Memory: Dividers, Latencies, and Bandwidth Explained - Page 4 - Overclock.net

pauldovi · 06-26-07

Quote:

Originally Posted by Litlratt

If I understand this correctly, if both examples were running the same timings, then the latency would be the same.
If you can maintain tight timings and continually increase speed, then performance increases regardless of the divider.

No, the latencies that are incurred upon the memory system is dependent upon the speed of the memory and the timing of the latencies.

Litlratt · 06-26-07

Quote:

Originally Posted by pauldovi

No, the latencies that are incurred upon the memory system is dependent upon the speed of the memory and the timing of the latencies.

This is where I'm confused.
From your guide:
For example:

DDR2-800 does 800,000,000 cycles per second. Latencies of 4-4-4-12 add up to 24 cycles per operation of latency. Divide 24 cycles of latencies by 800,000,000 cycles and you get 30 nano-seconds worth of latencies per operation. However, DDR2-1000 with latencies of 5-5-5-15 also net you the same 30 nano-seconds of latencies per operation (30 / 1,000,000,000).

However, even though both settings have the same latencies. DDR2-1000 @ 5-5-5-15 is better than DDR2-800 @ 4-4-4-12, this is because DDR2-1000 has more data throughput when compared to DDR2-800.

If both examples are at 4 4 4 12 then that's 24 nano seconds regardless of speed. Where/how does the speed of the ram fall into the equation?

Rep+ for spending your time educating us paul. Thank you.

Ihatethedukes · 06-26-07

To further clarify that, the 1066 5-5-5-15 would have significantly lower latencies than the 800 5-5-5-15 all else being equal.

This is an ultra simplistic explanation (READ: total over-simplification) but:

30 clocks of latency is a variable amount of time. Look at it this way, a 'clock' is simply one period of the sine wave that the memory is running on.

If you're running 10Hz with 1 clock of waiting you now have 9 times per second that the ram is DOING stuff.

Now, if you're still running one clock of latency but now have ram running 20Hz, you now have 19 times per second your ram is DOING something.

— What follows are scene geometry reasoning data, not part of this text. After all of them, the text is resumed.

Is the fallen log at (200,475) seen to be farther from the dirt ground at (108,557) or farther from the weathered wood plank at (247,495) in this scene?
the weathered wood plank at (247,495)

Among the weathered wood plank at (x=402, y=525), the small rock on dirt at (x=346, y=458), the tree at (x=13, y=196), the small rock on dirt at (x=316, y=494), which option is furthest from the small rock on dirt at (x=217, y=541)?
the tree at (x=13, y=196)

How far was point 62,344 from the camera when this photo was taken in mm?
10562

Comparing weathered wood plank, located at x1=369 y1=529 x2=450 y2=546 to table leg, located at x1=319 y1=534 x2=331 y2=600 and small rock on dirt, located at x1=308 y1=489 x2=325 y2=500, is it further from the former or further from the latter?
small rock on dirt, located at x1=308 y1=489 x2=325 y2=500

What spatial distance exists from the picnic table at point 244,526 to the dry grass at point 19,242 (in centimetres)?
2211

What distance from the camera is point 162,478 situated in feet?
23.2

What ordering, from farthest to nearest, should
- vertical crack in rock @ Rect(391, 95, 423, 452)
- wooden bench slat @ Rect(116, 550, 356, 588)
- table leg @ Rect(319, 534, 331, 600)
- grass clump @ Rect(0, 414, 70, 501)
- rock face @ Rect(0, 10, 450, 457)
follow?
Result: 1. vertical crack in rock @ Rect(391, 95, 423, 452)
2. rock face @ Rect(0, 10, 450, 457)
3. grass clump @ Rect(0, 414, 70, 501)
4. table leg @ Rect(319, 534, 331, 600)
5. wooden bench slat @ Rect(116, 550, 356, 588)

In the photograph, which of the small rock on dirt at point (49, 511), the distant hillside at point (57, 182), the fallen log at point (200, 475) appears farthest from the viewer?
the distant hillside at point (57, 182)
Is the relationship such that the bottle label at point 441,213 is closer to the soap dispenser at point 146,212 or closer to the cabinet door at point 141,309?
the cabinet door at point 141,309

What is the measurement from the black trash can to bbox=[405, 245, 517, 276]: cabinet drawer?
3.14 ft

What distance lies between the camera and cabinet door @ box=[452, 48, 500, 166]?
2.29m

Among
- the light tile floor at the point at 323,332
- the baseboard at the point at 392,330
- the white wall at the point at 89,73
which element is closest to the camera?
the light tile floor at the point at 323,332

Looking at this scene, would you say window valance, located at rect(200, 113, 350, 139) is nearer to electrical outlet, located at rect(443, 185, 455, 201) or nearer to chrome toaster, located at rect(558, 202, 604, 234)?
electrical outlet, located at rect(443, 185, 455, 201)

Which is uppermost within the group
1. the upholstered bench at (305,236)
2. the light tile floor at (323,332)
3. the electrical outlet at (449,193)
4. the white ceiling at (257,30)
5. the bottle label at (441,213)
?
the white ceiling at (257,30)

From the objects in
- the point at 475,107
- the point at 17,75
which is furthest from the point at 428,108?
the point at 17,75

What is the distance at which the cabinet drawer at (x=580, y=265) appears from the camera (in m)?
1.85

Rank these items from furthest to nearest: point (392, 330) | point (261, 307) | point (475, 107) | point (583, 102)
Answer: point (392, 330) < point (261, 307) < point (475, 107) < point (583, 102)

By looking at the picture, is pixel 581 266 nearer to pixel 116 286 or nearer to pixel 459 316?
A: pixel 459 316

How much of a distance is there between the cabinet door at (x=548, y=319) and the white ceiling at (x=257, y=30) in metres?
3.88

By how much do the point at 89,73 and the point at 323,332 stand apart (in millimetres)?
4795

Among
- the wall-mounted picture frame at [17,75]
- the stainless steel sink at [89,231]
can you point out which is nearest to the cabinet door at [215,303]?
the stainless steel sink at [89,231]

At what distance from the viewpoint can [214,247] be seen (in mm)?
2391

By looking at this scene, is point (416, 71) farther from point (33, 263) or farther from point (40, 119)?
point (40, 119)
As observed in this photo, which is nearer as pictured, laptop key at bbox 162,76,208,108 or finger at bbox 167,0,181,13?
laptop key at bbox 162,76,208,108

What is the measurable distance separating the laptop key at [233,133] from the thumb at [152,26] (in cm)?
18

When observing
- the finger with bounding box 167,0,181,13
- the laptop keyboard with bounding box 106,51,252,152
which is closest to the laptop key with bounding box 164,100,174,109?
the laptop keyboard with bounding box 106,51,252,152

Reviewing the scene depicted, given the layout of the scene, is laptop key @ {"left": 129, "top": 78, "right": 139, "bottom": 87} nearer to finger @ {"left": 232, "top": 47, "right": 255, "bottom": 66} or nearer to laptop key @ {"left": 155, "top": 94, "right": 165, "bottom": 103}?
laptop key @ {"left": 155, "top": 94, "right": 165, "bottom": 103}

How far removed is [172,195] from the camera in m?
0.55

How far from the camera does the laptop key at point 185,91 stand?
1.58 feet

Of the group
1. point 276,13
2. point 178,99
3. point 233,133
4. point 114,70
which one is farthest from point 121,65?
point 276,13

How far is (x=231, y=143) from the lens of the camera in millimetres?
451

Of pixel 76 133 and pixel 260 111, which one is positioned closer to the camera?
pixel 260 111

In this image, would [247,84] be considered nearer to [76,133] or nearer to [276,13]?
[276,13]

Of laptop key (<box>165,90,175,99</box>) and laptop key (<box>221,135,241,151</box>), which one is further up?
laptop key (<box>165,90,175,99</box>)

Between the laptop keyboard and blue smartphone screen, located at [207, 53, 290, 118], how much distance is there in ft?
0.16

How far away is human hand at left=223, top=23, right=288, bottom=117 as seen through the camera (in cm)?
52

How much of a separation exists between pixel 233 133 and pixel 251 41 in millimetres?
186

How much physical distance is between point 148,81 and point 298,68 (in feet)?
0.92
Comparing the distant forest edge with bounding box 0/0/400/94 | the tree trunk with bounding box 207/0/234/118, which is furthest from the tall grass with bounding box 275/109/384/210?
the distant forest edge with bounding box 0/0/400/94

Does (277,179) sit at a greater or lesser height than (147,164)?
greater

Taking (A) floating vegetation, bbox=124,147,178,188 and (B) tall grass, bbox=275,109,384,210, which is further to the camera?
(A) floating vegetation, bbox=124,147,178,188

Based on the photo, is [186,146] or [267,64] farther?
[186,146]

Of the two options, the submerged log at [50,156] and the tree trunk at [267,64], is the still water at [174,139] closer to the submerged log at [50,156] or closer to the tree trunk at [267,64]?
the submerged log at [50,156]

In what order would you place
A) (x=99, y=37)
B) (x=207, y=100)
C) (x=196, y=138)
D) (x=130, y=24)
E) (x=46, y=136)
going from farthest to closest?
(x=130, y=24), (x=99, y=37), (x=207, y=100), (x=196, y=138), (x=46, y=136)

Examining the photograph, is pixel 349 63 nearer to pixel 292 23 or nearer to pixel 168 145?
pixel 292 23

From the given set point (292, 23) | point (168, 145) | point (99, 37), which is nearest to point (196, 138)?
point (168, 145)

1 clock of latency/10 clocks per second = 0.1s and 1 clock of latency/20 clocks per second = 0.025

So now your REAL latencies are at the given speeds are 0.1s and .025s, respectively. Theoretically doubling ram speed at the SAME latency will cut your REAL latency times by 75%.

pauldovi · 06-26-07

Quote:

Originally Posted by Litlratt

This is where I'm confused.
From your guide:
For example:

DDR2-800 does 800,000,000 cycles per second. Latencies of 4-4-4-12 add up to 24 cycles per operation of latency. Divide 24 cycles of latencies by 800,000,000 cycles and you get 30 nano-seconds worth of latencies per operation. However, DDR2-1000 with latencies of 5-5-5-15 also net you the same 30 nano-seconds of latencies per operation (30 / 1,000,000,000).

However, even though both settings have the same latencies. DDR2-1000 @ 5-5-5-15 is better than DDR2-800 @ 4-4-4-12, this is because DDR2-1000 has more data throughput when compared to DDR2-800.

If both examples are at 4 4 4 12 then that's 24 nano seconds regardless of speed. Where/how does the speed of the ram fall into the equation?

Rep+ for spending your time educating us paul. Thank you.

Well the example has the DDR2-1000 @ 5-5-5-15 and the DDR2-800 @ 4-4-4-12.

The way you compute latencies per operation is to add up the timings 4+4+4+12 = 24 and then divide by the operations per second (800,000,000)

24 / 800,000,000 = 30 nano seconds of latencies per operation

30 / 1,000,000,000 = 30 nano seconds of latencies per operation

Litlratt · 06-26-07

Quote:

Originally Posted by pauldovi

Well the example has the DDR2-1000 @ 5-5-5-15 and the DDR2-800 @ 4-4-4-12.

The way you compute latencies per operation is to add up the timings 4+4+4+12 = 24 and then divide by the operations per second (800,000,000)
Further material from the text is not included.